Quando conversou com a reportagem do JC em abril, por ocasião da vinda ao Recife para o show de relançamento do Ainda Há Tempo, Criolo falou sobre as experiências que o inspiram a dividir com o mundo suas criações. Os pais, seu Cleon e dona Maria Vilani, assim como os irmãos e sobrinhos foram citados com carinho como motivadores de textos, ideias, músicas.
Três meses depois, o paulistano volta à cidade, dessa vez, pondo em segundo plano a persona MC. Num show onde canta sentado, com banda de fundo, ele apresenta os dez sambas que compôs e gravou em Espiral de Ilusão, quarto álbum de inéditas. Ao telefone, o paulistano contou que a relação com o samba caminha ao lado da afetividade que sempre invoca ao falar da comunidade onde cresceu, rodeado por sonoridades vindas dos mais variados estados brasileiros.
“Desde pequeno foi a primeira coisa que aconteceu na minha vida e em todos lugares do mundo é a referência maior sobre a música daqui. Dentro do próprio hip hop essa riqueza sempre esteve presente. É uma expressão maior, que traz historia, cultura, questões sociais” relembra. “A memória que eu tenho não é de nomes, de artistas, mas de ambiente. Eu morava numa casa simples, no Jardim das Imbuias, onde sempre tinha forró e também Ney Matogrosso e Raul Seixas porque minha mãe é louca por eles. E tinha meu pai ouvindo Martinho da vila”.
A vontade de registrar os muitos escritos – ele conta as dez escolhidas saíram de mais 40 composições – que foi desenvolvendo a partir das memórias dos tempos em que acompanhava o pai nos jogos de várzea, onde a música ambiente era sempre um samba, detalha, se tornou sonho. “Principalmente de uns dez anos pra cá, até mesmo durante a época de levantar algumas músicas do Nó Na Orelha (2011), já existia essa vontade. Mas só tive a coragem mesmo agora”.
Contrapondo o estranhamento de alguns fãs ávidos por novas rimas, ele explica que não sente diferença em escrever versos para cantar em cima de beats ou de instrumentos de percussão tocados ao vivo. “Não tem [diferença]porque pra mim tudo é movido a sentimento, na mente, minha vida, eu não vejo distinção. A gente se jogou no palco e deixou acontecer, eu também to tentando entender tudo isso, porque não tem uma fórmula de como funciona”. Não a toa, Linha de Frente e Fermento pra Massa compuseram a tracklist dos anteriores Nó Na Orelha e Convoque Seu Buda (2014), respectivamente.
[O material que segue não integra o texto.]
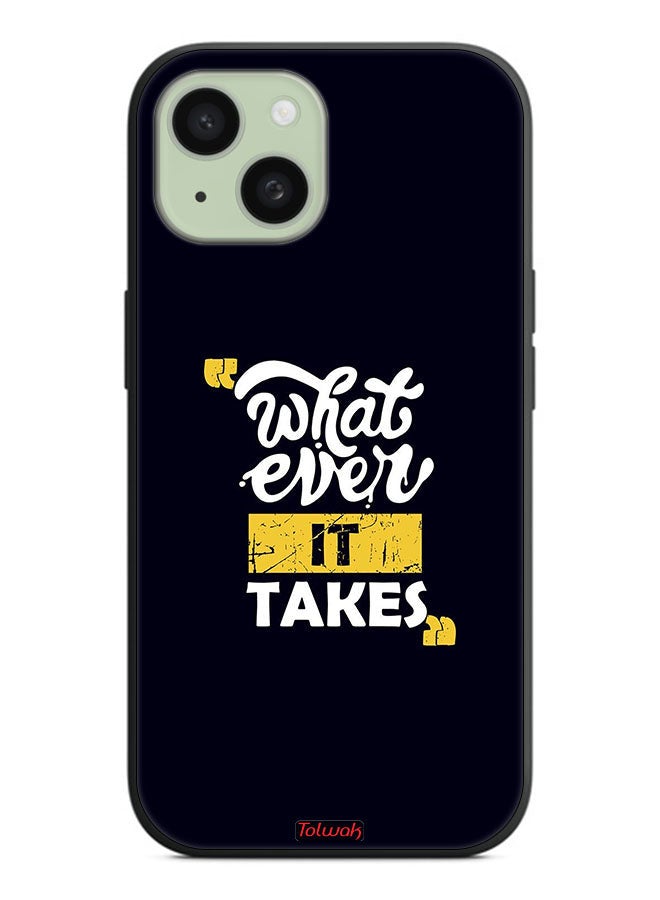 Tolwak Apple iPhone 15 Plus Protective Case Cover Whatever It Takes - Image 2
Munido de letras como a de Menino Mimado, single na qual faz observações políticas e sociais, ele considera que a recepção tem sido a mesma de quando canta rap porque “as pessoas sentem a força da emoção, elas estão muito ligadas à energia”.
Ainda sem muitos detalhes de por onde ainda pretende passar com a turnê, ele garante que, de forma geral, a nova empreitada tem fluido de forma orgânica, assim como a produção do trabalho. “A gente organiza, vai aqui, ali, mas não tem domínio sobre isso. E foi tudo muito rápido [todo o processos de feitura do disco levou cerca de 40 dias] ou então não acontecia”, confessa.
Os fãs podem esperar um segundo disco de samba? “Eu não tenho ideia. Quem iria imaginar que eu faria um disco de samba? Ou Nó Na Orelha depois do Ainda Há Tempo? Tá tudo muito recente ainda, a gente não é dono disso”.
Filho de nordestinos e adeptos aos discursos elogiosos à capital pernambucana, ele encerra a conversa convocando o público local.
“Eu tô muito ansioso pra voltar pro Recife porque sempre que eu vou aí volto abençoado. Tá todo mundo convocado, vamo lá. Vamo celebrar a vida porque a situação tá osso”.
Para completar o clima de tributo ao ritmo centenário, o cantor Xico de Assis abre a noite cantando sambas clássicos, muitos deles interpretados no show Samba Eu Canto Assim, integrante da programação da Mercearia do Braz, no bairro da Boa Vista.
No repertório, músicas clássicas do gênero, fazendo um resgate de grandes cantores a exemplo de Cartola, Nelson Cavaquinho, Adoniran Barbosa, Noel Rosa e Ataulfo Alves.
Tais ícones devem estar presentes também na discotecagem do DJ 440, responsável pelo som nos intervalos. Fecha a noite o Samba do Preto Velho.